Gruesome photos of the latest Syrian massacre were mostly kept to the inside pages of today’s Israeli newspapers but the front-pages headlines were enough to convey the horror.
Maariv’s headline paraphrases US Secretary of State, Hillary Clinton, “It is time for Bashar Assad to leave Syria.” Israel Hayom takes a similar tone in its headline, “The world is shocked by Assad: time for him to go.” Haaretz displays a picture of three children who were killed in the massacre alongside its headline, “More than 100 killed in a massacre in Hama, Assad keeps inspectors away by shooting [at them].” Yedioth Ahronoth simply writes, “The world is shocked.”
The papers all have similar coverage covering the details of the latest massacre, but the papers disagree on how many were killed. Maariv is on the low end with 80 and Haaretz lists over 100. Both Yedioth Ahronoth and Maariv provide a list of massacres in Syria that occurred in the past months.
Yedioth Ahronoth has a translated op-ed piece on page two by Nobel Peace Prize recipient Elie Wiesel who recommends charging Assad at the International Criminal Court in The Hague. “No honorable person would come to his defense. No nation would offer him shelter. No statute of limitations would apply to his case,” he says.
Maariv features an op-ed piece from Rodan Zaid, a member of the Syrian opposition, begging for international assistance. Zaid describes Syrian forces burning bodies to cover up massacres and the futility of the Syrian people, who are completely alone. “I spoke to my family across Syria and they are very worried, why won’t the Americans and the West help us. Even a small step like closing Syrian airspace would help.”
Israel Hayom brought in Professor Eyal Zisser who titles his piece, “Now this is also a civil war.” Zisser writes that this massacre will now wake up the Syrian middle class who now realize that Assad is not the solution but the problem. The professor warns that the ethnic divisions could now ignite and turn Syria into a prolonged conflict. But the professor does not think it will end well either, “A war in Syria does not seem to have an end.
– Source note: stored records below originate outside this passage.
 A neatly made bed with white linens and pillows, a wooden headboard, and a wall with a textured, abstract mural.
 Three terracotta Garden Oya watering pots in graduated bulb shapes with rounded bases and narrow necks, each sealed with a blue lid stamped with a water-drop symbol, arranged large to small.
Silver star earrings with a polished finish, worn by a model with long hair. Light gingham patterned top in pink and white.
In the meantime, it will continue to bleed and kill its own people.”
Haaretz’s coverage of the massacre is a bit more in depth and includes information about the Syrian army opening fire on UN observers to keep them from investigating the massacre.
Haaretz also includes an opinion piece by Zvi Bar’el who argues that the pressure should not be on the West to act but rather more pressure should be applied to Russia. “With Russia’s position, the military option against Assad will never be established.”
Orders of the court
Two court orders were issued Thursday regarding very controversial issues. Israel Hayom reports on page five about a court decision to approve deportation for refugees from South Sudan and the deportation could begin as early as next week. Interior Minister Eli Yishai wrote a piece for Israel Hayom in which he states, “I am very happy with the court’s decision. It is a good step, in the right direction, but still a very small step.” Yishai then proceeds to say that he wants to create a detention center to hold the refugees and those who want to stay could remain there. Yishai hopes that this first step will prompt other refugees to think twice about remaining in Israel.
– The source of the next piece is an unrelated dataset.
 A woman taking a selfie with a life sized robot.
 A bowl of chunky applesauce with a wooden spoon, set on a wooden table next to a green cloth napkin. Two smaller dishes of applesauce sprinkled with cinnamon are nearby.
Defense Minister Ehud Barak had plenty to say about people involved in the Harpaz Affair, including Attorney General Yehuda Weinstein. The Justice Ministry supported Barak – sort of. Haaretz reports that a spokesperson for the Justice Ministry said Barak’s statements came at various stages in the investigation and were, “falsifications, distortions and not something we wish to comment on.”
Barak’s statements reportedly included attacks on Weinstein’s professional capability to conduct an investigation. This article is situated above a brief article reporting that the Supreme Court issued a gag order on the publication of the evidence in the Harpaz Affair. Investigators sought the order to prevent more leaks in the case, which they claim are harming their ability to investigate.
It’s a bird, it’s a plane, it’s a Russian missile?
A UFO scare in Israel made the papers today as hundreds of residents saw what appeared to be a falling star, or a missile, and called emergency services last night. One eyewitness told Yedioth Ahronoth, “I’ve never seen anything like it. I thought it was a helicopter crashing or a meteor.” According to the paper, the object was a Russian ICBM test that crossed over the Middle East.
President Shimon Peres will be visiting the United States this week and will receive the Presidential Medal of Freedom from President Barack Obama. According to Israel Hayom, the Peres will bring gifts for the American first family, including a collection of historic documents from the establishment of the State of Israel for the president, and a necklace for the First Lady. The ceremony will take place on Wednesday and will be attended by over 140 guests from the American and Israeli governments.